Monday, May 14, 2018

November 20, 1943: Persuasive Pity

Letter from Opa to Grandmother


November 20, 1943

Dearest Marjorie,

I do not envy you for the terrible decision you have to make. You will lift one of us to the highest heavens, and you will have to hurt the other one tremendously and cruelly. There is no compromise possible; neither of us would want it.

Please do not let any feelings of pity persuade you to do a thing you may later on repent. Be selfish about the deal; your happiness is what we want first. You won't hurt me any more than you would hurt Archer, nor would you hurt Archer any more than you would hurt me. Accept the ring of the one you want closest to you ten or twenty years from now; at a time when the war will be only a horrorful memory, and prejudices will have ceded to good will and understanding.

I cannot and do not intend to be objective; I do think that I have a right to present this letter to you at a time when I would give a fortune to be able to sit and talk with you. In my heart I know for certain that you and I belong together; these last few months have been the happiest of my life, and I believe that you enjoyed them too.

Margie, I do not know what Archer and his folks are doing to you. Regardless of the outcome of your trip, though, I shall never give up, but continue to fight for your love until the very, very end.

Forever yours,


I attached the letter's envelope so you could see that Opa sent this letter TO ARCHER'S HOUSE! It seems to have gotten forwarded, and I love that it is a special delivery. 

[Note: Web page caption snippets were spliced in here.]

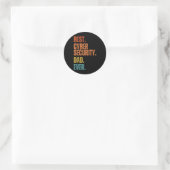 Beste cybersecurity vader ooit Cybersecurity Speci Ronde Sticker (Tas)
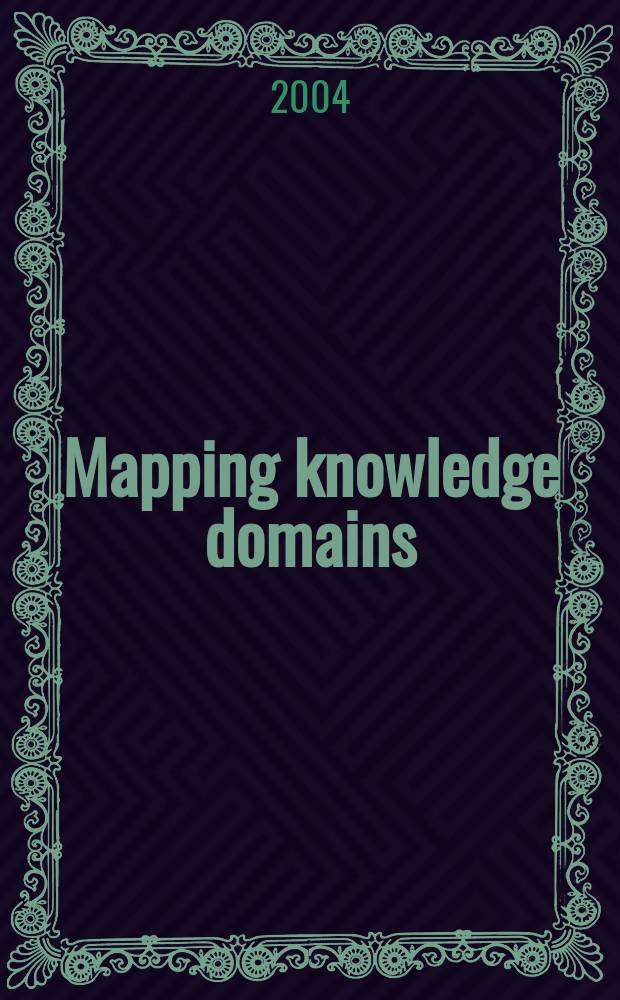 Mapping knowledge domains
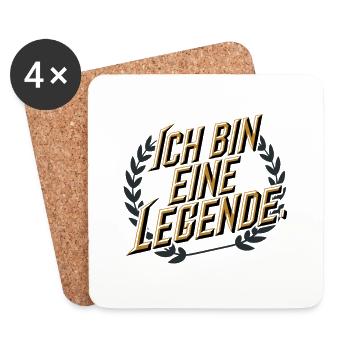 Je suis une légende - Dessous de verre (lot de 4) - blanc - Devant
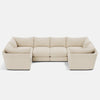Canapé en U XL aspect lin doux The Dreamer - Soft Dusk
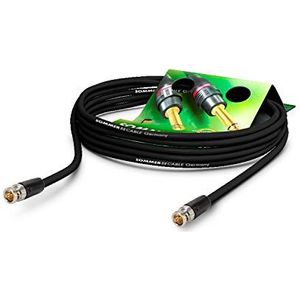 SommerCable Video 75 Ω - HD/3G/6G/12G-SDI / 4K-UHD SC-Vector 0.8/3.7 uitgerust met BNC/BNC NBNC75BLP9X NEUTRIK, zwart (25m) - Made in Germany by Sommer Cable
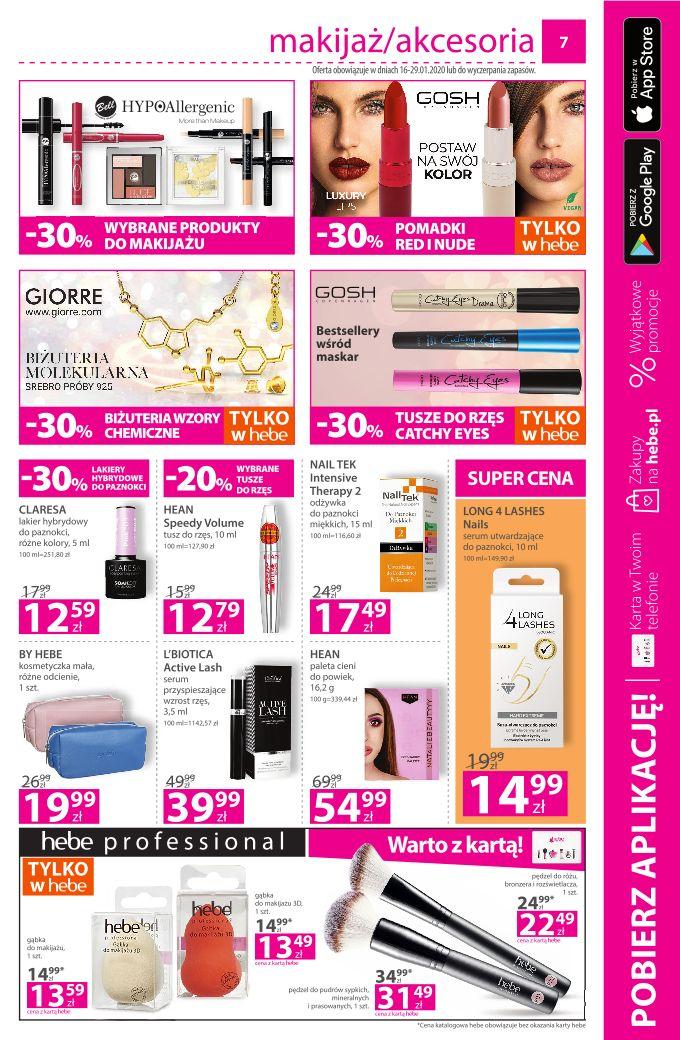 Gazetka promocyjna Hebe str. 7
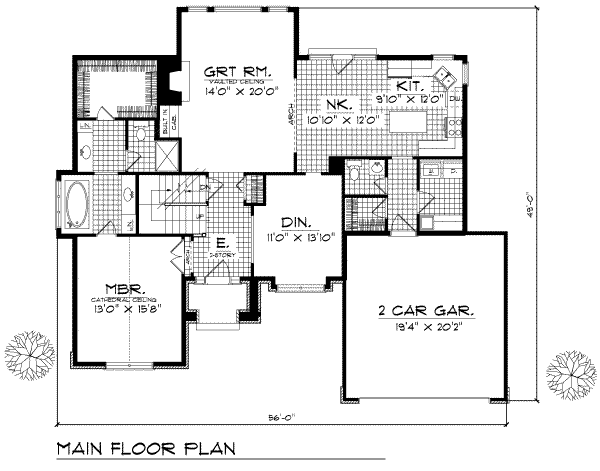 main floor house blueprint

Opa has some serious chutzpah. And I LOVE it.

In reading this letter, I have so many different emotions! First, I'm kind of annoyed with Grandmother, what the heck is she doing? She's stringing two guys along, breaking one engagement only to pick up another, and then ponder going back to the original. For those of you just tuning in: Archer (or  Archie) was Grandmother's fiance, her boyfriend from the college she went to before she transferred to Kansas State. She broke it off with Archer when she met Opa, and then Opa popped the question and she said yes.

But here's the background that makes Grandmother seem a little less fickle. She broke up with Archer, after what appears to be a long term relationship. He was the safe "boy next door." Along came Opa, a debonair German boy who didn't even have solid citizenship. He was suave, handsome, and might be an enemy spy. He was worldly, unorthodox, and definitely not from a small town. Opa was a surprise for everyone, especially Grandmother. I think she was swept off her feet and once she had a minute to think outside the fumes of love- she realized just what she was getting into. Here was a man who may not even be allowed to stay in the US, and was (shhh) part Jewish. This was a scandal. Yeah he seems like a nice guy, but what happens when the novelty wears off? What happens if he has to go back to Europe? What would a future hold with a man like this? Do they really have as much in common as she thinks? 

Meanwhile, if her own thoughts aren't giving her enough doubts, she has Archer begging for her to come back, and even his mother is slathering on the guilt (we know this because Grandmother told us about it and how awful she felt). On top of that, Grandmother's own family does not approve of this sweeping romance with a German. And what family would?! 

But here's the kicker, one of the things that Grandmother said to us the night when she finally told us the story about Archer, was that she realized she couldn't marry someone because she felt sorry for them. I understood what she meant, but now that I have this letter in front of me, I wonder how instrumental it was in helping her make her decision. 

All other arguments aside, Opa narrows it down to this: marry the one you want to be with in twenty years, be selfish in this, don't let "pity persuade you to do a thing you may later on repent." This argument shows me that Opa knows Grandmother well despite their short time together. Grandmother was always a woman of conscience, who was deeply concerned with being polite, kind, and not burdening anyone. She would harbor great heaps of guilt if she felt her decisions or actions hurt someone, or if she were a burden to someone. Her decision left her with no easy way out. Opa didn't let her off the hook- he told her that he would be just as hurt as Archie. She doesn't get to feel less guilty with either choice. So her choice must be what she wants.

Oh the drama!! Most of the time in real life- the wise choice is the boy next door. In this case, Opa makes a good argument for the "boy you are in love with." We all know what happens (because I'm calling her Grandmother)- but can you imagine making this choice?!

One more thing before I conclude, I realized that this relationship was a beautiful interruption and saving grace for Opa. I don't know if you've ever been in love or remember those first months of absolute intoxicating bliss that comes with those waves of love and emotions and falling vulnerably for someone. It's so fun and disorienting and consuming! And it is perfect for someone who has his entire family in Europe under Hitler's nose. I think that Love saved Opa in more ways than even I realized. This hurricane of love has given Opa the chance to be happy, to be cheerful, to feel free. I am not sure if he would be able to experience all those emotions without the strong influx of falling in love. 

While my Grandmother seems fickle, and seems less aware of the struggle Opa endures as a refugee with family in danger, she has given him the gift of love, and in the end, she chose him. That's pretty beautiful.